SEACrowd / seacrowd-datahub

A collaborative project to collect datasets in SEA languages, SEA regions, or SEA cultures.
Apache License 2.0
63 stars 57 forks source link

Create dataset loader for mc4-indo #61

Closed SamuelCahyawijaya closed 10 months ago

SamuelCahyawijaya commented 10 months ago

Dataloader name: mc4_indo/mc4_indo.py DataCatalogue: http://seacrowd.github.io/seacrowd-catalogue/card.html?mc4_indo

Dataset mc4_indo
Description A thoroughly cleaned version of the Indonesia split of the multilingual colossal, cleaned version of Common Crawl's web crawl corpus (mC4). This portion represents the Indonesian language content that has been extracted and processed from the larger mC4 dataset. The extraction and cleaning process was conducted by AllenAI and resulted in a curated collection of Indonesian language data.
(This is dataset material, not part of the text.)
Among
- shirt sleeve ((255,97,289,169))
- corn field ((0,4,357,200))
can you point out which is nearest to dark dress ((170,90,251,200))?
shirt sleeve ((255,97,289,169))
For more information about the original mC4 dataset and its preparation, please refer to the source hosted at the address https://huggingface.co/datasets/allenai/c4.
Subsets -
Languages ind
Tasks Language Modeling
License Open Data Commons License Attribution family (odc-by)
Homepage https://huggingface.co/datasets/indonesian-nlp/mc4-id
HF URL https://huggingface.co/datasets/indonesian-nlp/mc4-id
Paper URL https://aclanthology.org/2021.naacl-main.41
williamnixon20 commented 10 months ago

self-assign